Micah i Darren Freeman wciąż nie mogą uwierzyć, że ich syn nie żyje. Jego matka na własne oczy widziała, jak jej bardzo dobrze pływający syn, wyciąga rękę w powietrze. Widziała, że ma kłopoty. Jej mąż, przypadkowy obserwator i dwóch ratowników rzuciło się na pomoc dziecku, ale Malik zniknął pod falami. Nikt nie mógł go znaleźć, dopóki nie było już za późno.
Rodzina pozostaje w głębokiej żałobie, ale wyraża także swoją złość i rozczarowanie. Kiedy dowiedzieli się, że prawie w tym samym miejscu, godzinę przed ich synem utonął 10-latek i nikt nie został ostrzeżony, nie kryli rozgoryczenia faktem, że plaża nie została zamknięta.

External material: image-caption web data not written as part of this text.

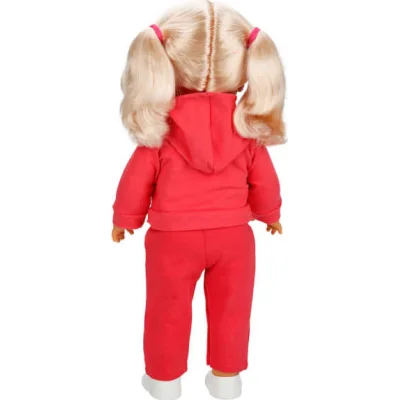 Sunman Tina Sporty Bebek, 45 cm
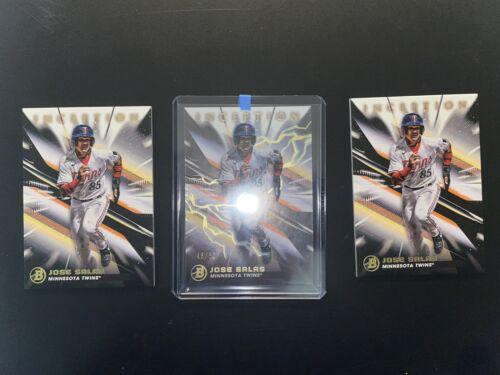 Jose Salas [Gold Foil] #46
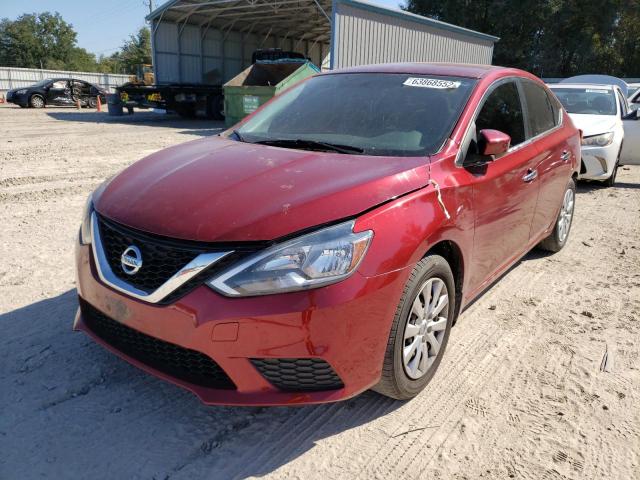 Photo 1 VIN: 3N1AB7AP7HY359370 - NISSAN SENTRA S 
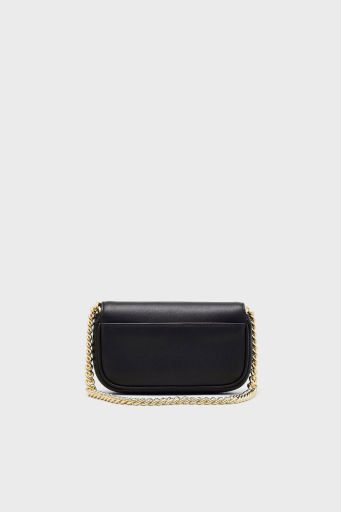 Marc Jacobs The Mini Bag Çıkarılabilir Zincir Askılı Hakiki Deri Bayan Çanta 2S4HCR089H02 001 SİYAH - 7
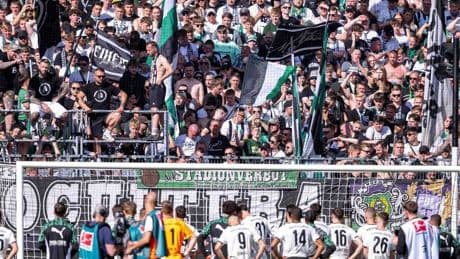 Fan-Barometer: Ihre Meinung zur Borussia-Saison ist gefragt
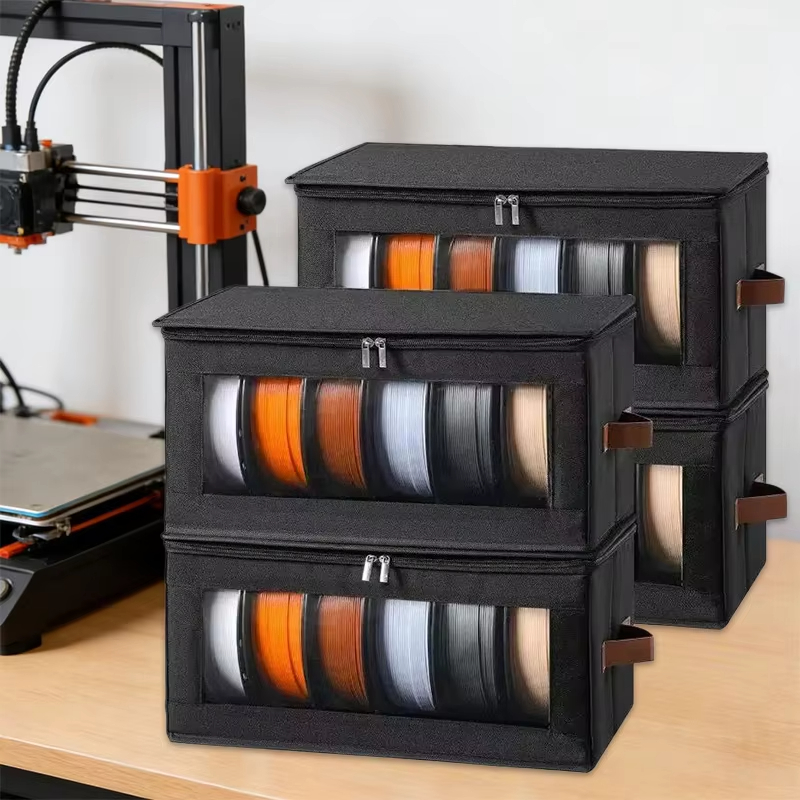 3D Printing Article - Bolsa de Armazenamento de Filamento -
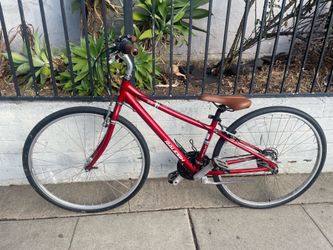 Raleigh 3.5 Detour Bike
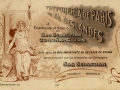 San Sebastián : Tintorería de París de Ed. Deslandes : 3 fábricas modelo en San Sebastián, Coruña, Gijón : esta casa, la más importante en su clase de España puede competir con las principales del extranjero, Legazpi 8, Hernani, 31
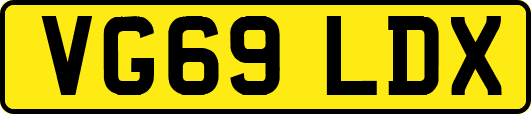 VG69LDX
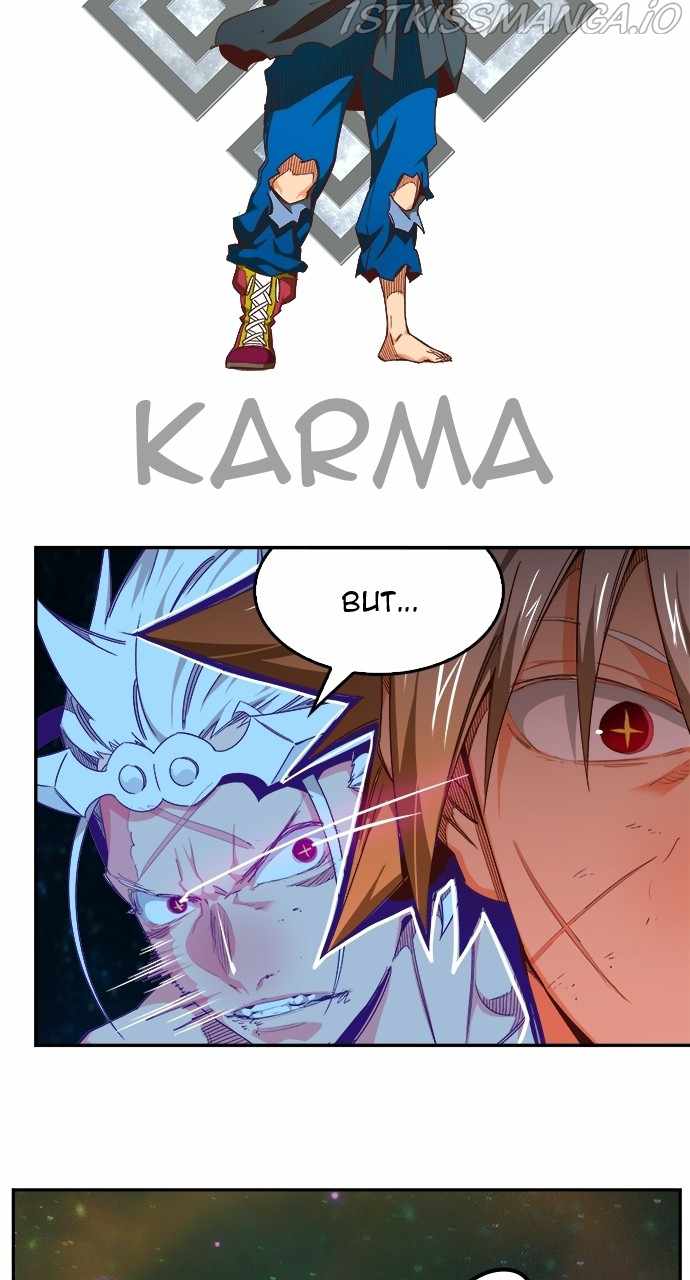 The God of High School Chapter 564 - page 65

"Powinni po prostu kazać wszystkim wyjść z wody, zamknąć plaże tego dnia, informując, że doszło tam do tragedii" - powiedziała Micah Freeman. "Nie powiedzieli nikomu, co się stało z 10-latkiem".
"To nie powinno być normalne, kiedy ktoś trafi życie" - dodał Darren Freeman. "Malik utonął w sobotę, a plaża była normalnie otwarta w niedzielę".